Mark Csencsits on the importance of creating programming based on customer feedback:
After three decades in the game of golf, I have tried everything. I have written dozens of player development programs over the years, and many of those programs are going strong today. Many of them also died on the vine. I once started a beginner ladies’ program and called it our “ladies league”. Exactly zero women signed up. When I discovered the error of my ways, I renamed it Ladies’ Casual Club. Who wouldn’t want to join this group? I had 60 registrants in no time. I learned a long time ago that instead of guessing what students want in a player development program, it’s better to simply ask them. These days I walk up and down the range asking golfers what kind of programs they’d like to see. I ask them what kind of lessons they’d take – group or private, short term or long. I even ask if they’d prefer to have food and beverage involved, casual or serious, on-course or more on the range. From there I create programming that satisfies those stated desires. Why guess what might work in programming when you already have the answers? I listen to these individuals and simply sets the prices, dates and times accordingly. I send a questionnaire at the end of each program to attain additional customer feedback. What worked and what didn’t? What did you like and what didn’t you like? What would you want to see more of next time?

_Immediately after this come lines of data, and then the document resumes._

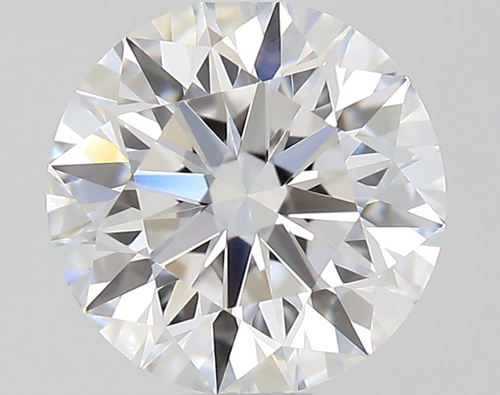 0.57 carat F-IF Excellent cut Natūralus Round Deimantas (1)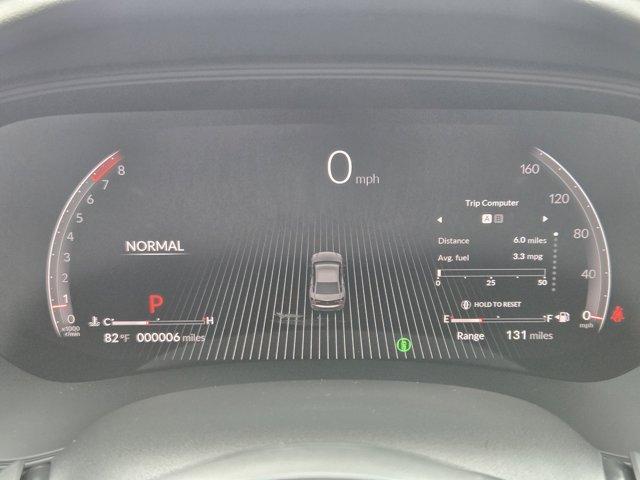 new 2025 Acura TLX car, priced at $51,195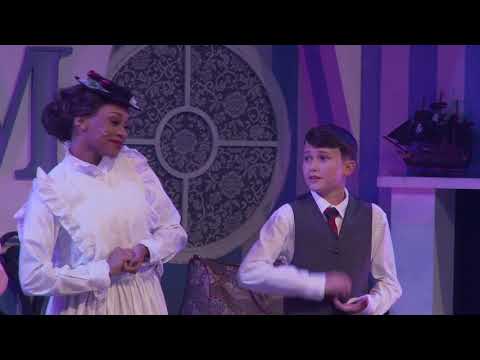 Scene from Practically Perfect track by Laura Michelle Kelly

Mark Csencsits on the business impact of creating programming based on customer feedback:
I’ve been around long enough to know that not everything I touch will turn to gold. But when I find something that people like, I build on it and create engaging and fun experiences that bring them back for more lessons and increase rounds of golf at our facility. After all, if I didn’t listen to my women students, I would have far fewer of them. It took something simple like a program title change to revive what appeared to be a complete failure. I can’t tell you how many programs I wrote that were ‘one and done’, and I learned from each one of those experiences through trial and error. This is an important message for any new teaching professionals out there. Ask your customers what they want. Take a chance on a new program. And evaluate the program each year to make necessary tweaks and adjustments. After 30 years, I still try to come up with new and exciting things to keep people engaged. I have a unique and creative teaching style, and implement many non-golf tools into my instruction. I take pride in providing innovative programming for so long, and am excited when a student tells me “I really enjoyed this or didn’t like that.” This gives me an opportunity to get creative all over again and find my next big program.